Deutschland intensiviert seine Beziehungen zur Golfregion, um Energieversorgung zu sichern und wirtschaftliche Partnerschaften auszubauen. Im Fokus stehen Abkommen zu Flüssigerdgas (LNG), grünem Wasserstoff sowie Rüstungsexporten, die trotz Menschenrechtskritik boomen.

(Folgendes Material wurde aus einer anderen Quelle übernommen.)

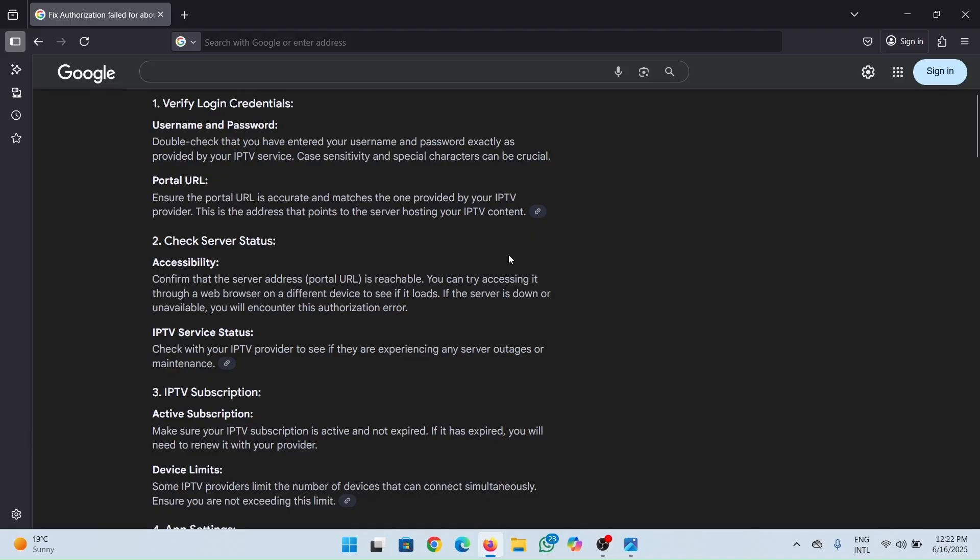Another thing you can try when this doesn't work is to reinstall the app on your TV. It may resolve the issues you may have with the IPTV error.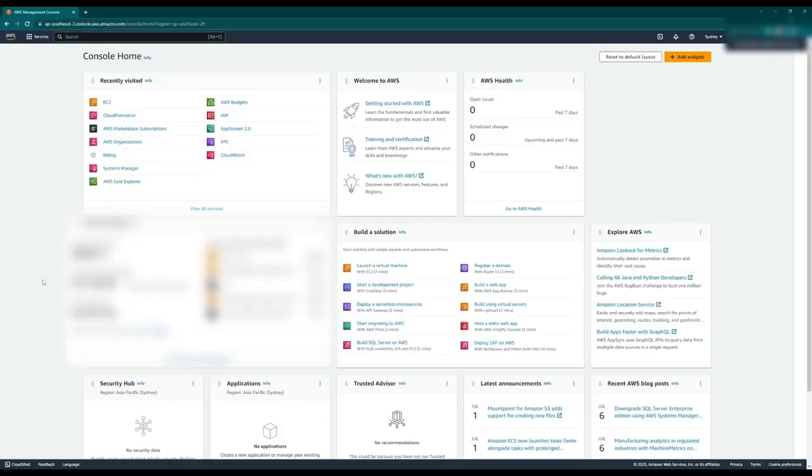What you're looking at here is the AWS console homepage. This is where you'll go to get to all the different elements of your AWS account.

Energiekooperationen im Überblick
Deutschland hat kürzlich mit Saudi-Arabien eine Absichtserklärung zur Vertiefung der Energiepartnerschaft unterzeichnet, die grünen Wasserstoff aus Wind- und Sonnenenergie umfasst. Bundeswirtschaftsministerin Katherina Reiche schloss in Riad Vereinbarungen mit dem saudischen Energieminister Abdulasis bin Salman, inklusive Projekten für Ammoniak-Produktion und Transport nach Rostock bis 2030.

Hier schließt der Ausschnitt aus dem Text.